The former method outputs True if the concreteness of the word is equal or greater than 3. The latter method outputs a concreteness score from 1 to 5. Both of the methods will return None for out of vocabulary words.

## Semantic clusters

	from finmeter import semantics

	semantics.semantic_clusters(["kissa", "koira", "näätä", "hauki", "vesi", "lemmikki", "puhelin", "tieto|kone", "toimisto"])
	>> [['koira', 'lemmikki', 'kissa', 'näätä'], ['vesi', 'hauki'], ['toimisto', 'tieto|kone', 'puhelin']]
	semantics.similarity_clusters(["koira", "kissa", "hevonen"], ["talo", "koti", "ovi"])
	>> 0.18099508
	semantics.cluster_centroid(["koira", "kissa", "hevonen"])
	>> [-5.84886856e-02 -1.10119150e-03 -3.40119563e-03......]

The library can be used to cluster words together into semantic clusters and to assess the similarity of two word clusters.

# Sentiment

The library provides a somewhat functional sentiment analysis, but I wouldn't hold my breath.

	from finmeter import sentiment
	sentiment.predict(["täällä on sika kivaa"])
	>> [3]
	sentiment.predict(["tällä on tylsää ja huonoa"])
	>> [0]

# Metaphors

The library can give interpretations for metaphors.
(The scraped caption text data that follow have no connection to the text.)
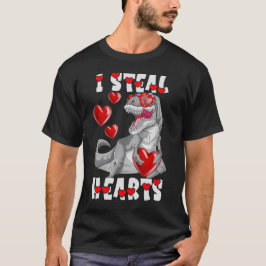 Valentines day Dinosaur I Steal Hearts Kärlek T re Shirt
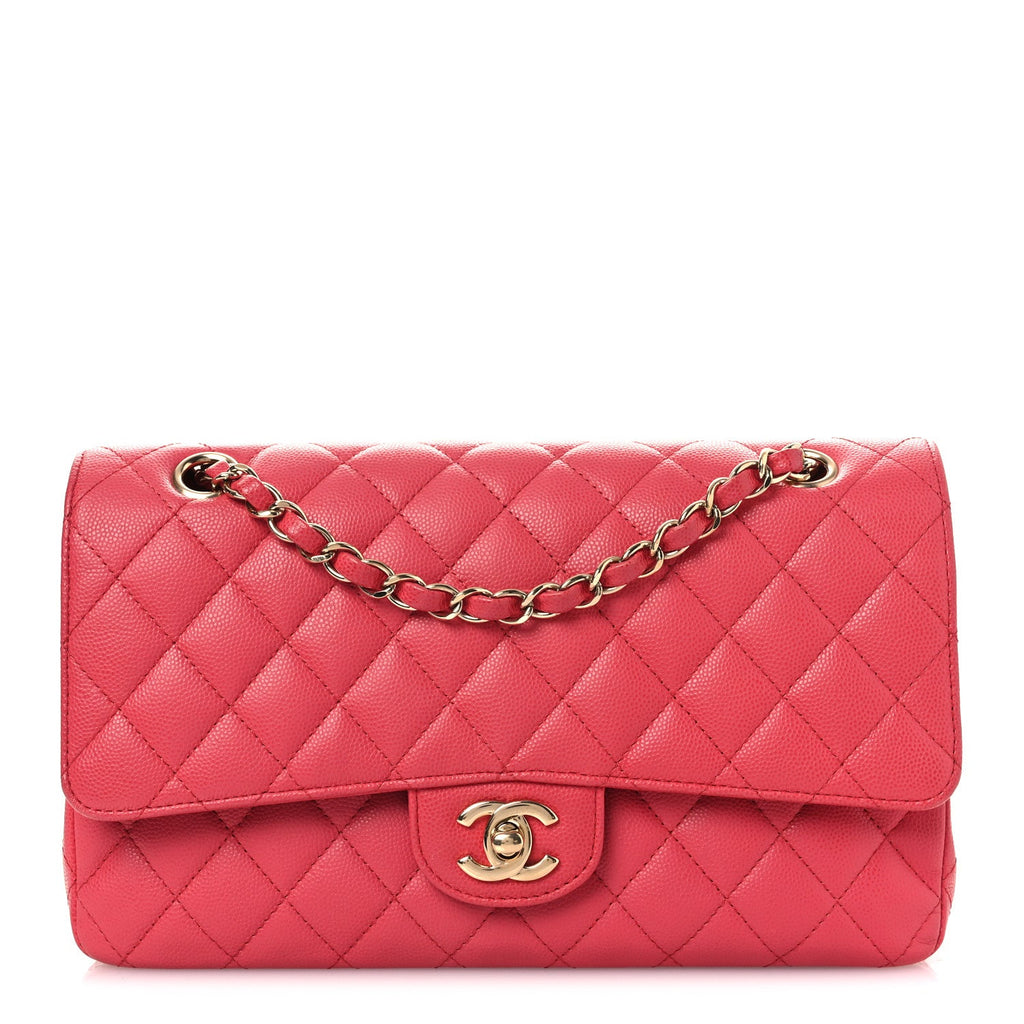 Chanel Caviar Quilted Medium Double Flap Dark Pink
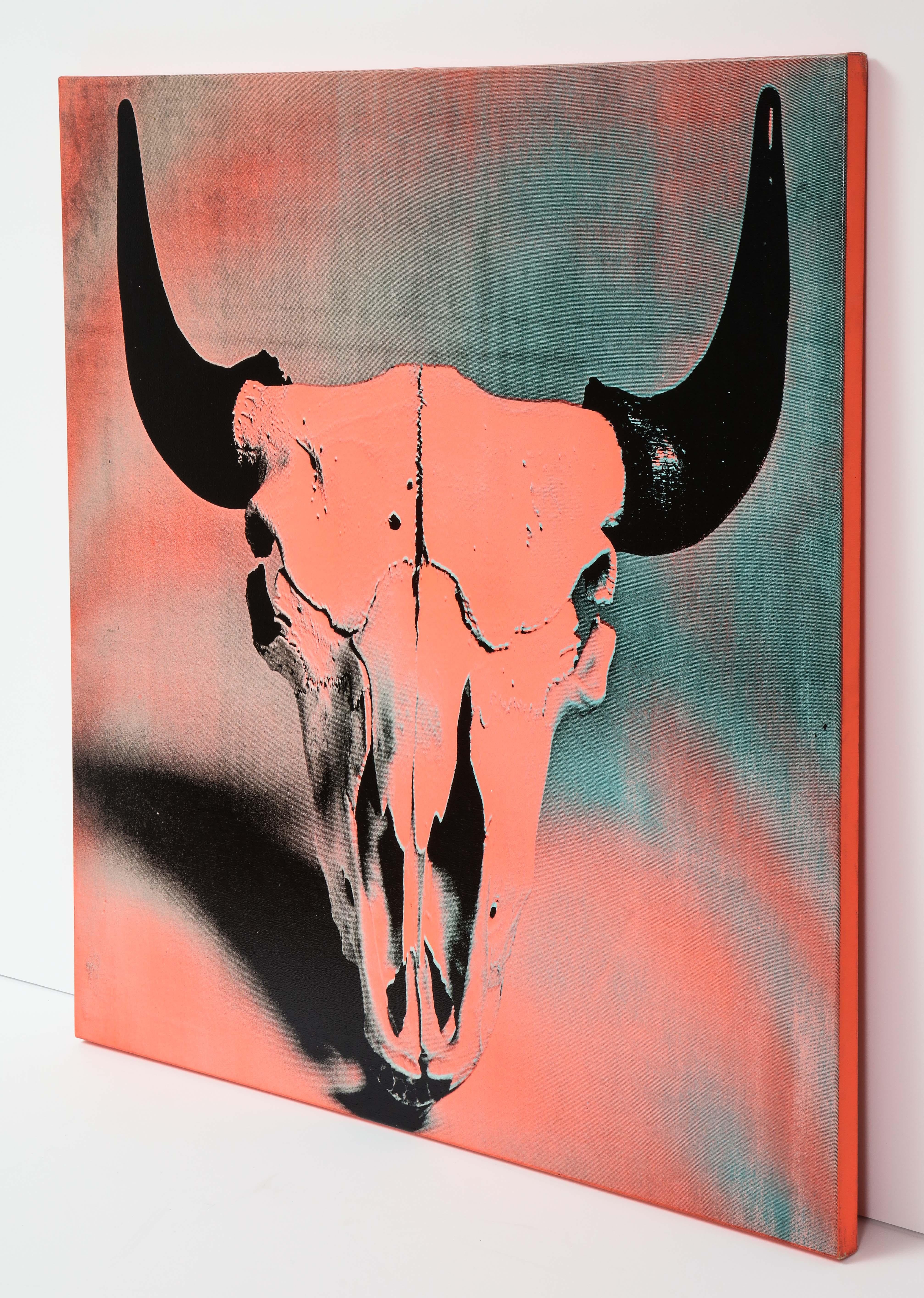 Mid-Century Modern Francesco Scavullo Bovine Skull, Screenprint on Canvas, Coral, Black, Signed For Sale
The lower the value, the more likely the interpretation. Example for *mies on susi*

	from finmeter import metaphor
	metaphor.interpret("mies", "susi", maximum=10)
	>> {'A': [('yksinäinen', 0), ('nuori', 3)], 'Adv': [], 'V': [('raadella', 0), ('tappaa', 1), ('ampua', 2), ('liikkua', 2), ('kaataa', 4)], 'N': [('metsästäjä', 1), ('suu', 3), ('vaate', 4)], 'UNK': []}

*maximum* is an optional parameter to limit the number of interpretations. If you do not need POS tagging, you can pass *pos_tags=False*.

# Cite

If you use this library, cite the following publication

Mika Hämäläinen and Khalid Alnajjar (In press). Let's FACE it. Finnish Poetry Generation with Aesthetics and Framing. In *the Proceedings of The 12th International Conference on Natural Language Generation*.